Even if there isn’t a creative bone in your body, there’s certainly a lot of fun to be found in Course World. It’s fascinating to see what players can come up with when given the tools to create anything within the confines of a two-dimensional Mario platformer, and it’s sure to be a long time before the community at large becomes rinsed of ideas. As a player, every effort is made within Course World to ensure it’s easy to find what you’re looking for. “Unpopular” levels are (somewhat harshly) removed from the server altogether if they don’t garner enough Stars from players, while the cream of the crop rises to the top – or at least, that’s the intention. Even pre-release, it’s the gimmicky levels that get featured the most: the ones that showcase each of the unlockable amiibo characters, or the ones that use springs to flick Mario to the flagpole without the need to even touch the controller.
There are plenty of filters, however. You can view the most popular levels in your region or across the globe, and play the current weekly top courses or peruse the best of all time. Nintendo even has its own curated list of courses, although it would almost certainly benefit from stages built by Nintendo staff itself – at least until the more creative types get to grips with the software. Looking forward, Super Mario Maker’s value relies heavily on Nintendo’s ability to keep lacklustre stages to a minimum, while promoting new ideas and unique courses in a timely manner. Whether or not Nintendo can pull this off remains to be seen, but for now, the infrastructure is certainly in place.
10 Mario and 100 Mario Challenge modes go to some length in adding structure to the otherwise sporadic user-generated stages. You’re given either ten or 100 1-Ups, and tasked with surviving a series of random levels taken from Course World. It’s here that you can unlock any number of Costume Mario outfits that are otherwise made available with amiibo – and Toad’s reaction, as you rescue Princess Peach while sporting a Bowser costume, is priceless!
Don’t go into Super Mario Maker, then, expecting to indulge in a never-ending stream of levels of the ilk produced by Shigeru Miyamoto and the development teams at Nintendo. What you can expect, however, is a comprehensive toolset that not only offers everything you need to create your own Super Mario levels, but also encourages you to forget all existing conventions and come up with your own ideas within the scope of four classic platformers.

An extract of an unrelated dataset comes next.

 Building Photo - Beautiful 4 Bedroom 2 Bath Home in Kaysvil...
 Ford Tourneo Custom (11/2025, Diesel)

Super Mario Maker (Wii U) Verdict
Creative types that love to tinker will feel right at home with the intuitive Create mode, while Course World has the potential to offer outstanding value for money not only over the game’s launch period, but into the foreseeable future. Ultimately, Nintendo is placing a lot in the hands of its dear community. As the provided tools have their boundaries pushed and players get in touch with their inner course designers, I have a feeling that Super Mario Maker is all set to blossom into something wonderful.